# Provided data
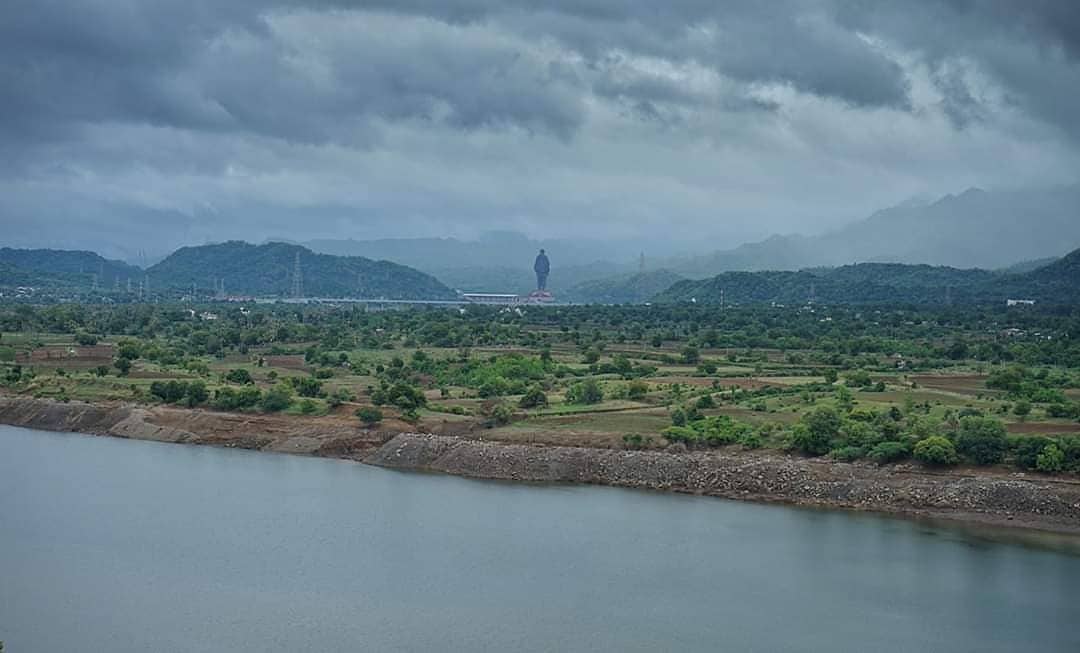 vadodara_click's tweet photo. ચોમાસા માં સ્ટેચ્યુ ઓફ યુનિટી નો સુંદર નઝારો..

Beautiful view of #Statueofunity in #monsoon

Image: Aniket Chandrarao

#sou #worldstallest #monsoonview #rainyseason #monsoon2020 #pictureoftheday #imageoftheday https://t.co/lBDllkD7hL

# Work to be completed
Would you give the material back exactly, minus the pictures?

# Answer
 vadodara_click's tweet photo. ચોમાસા માં સ્ટેચ્યુ ઓફ યુનિટી નો સુંદર નઝારો..

Beautiful view of #Statueofunity in #monsoon

Image: Aniket Chandrarao

#sou #worldstallest #monsoonview #rainyseason #monsoon2020 #pictureoftheday #imageoftheday https://t.co/lBDllkD7hL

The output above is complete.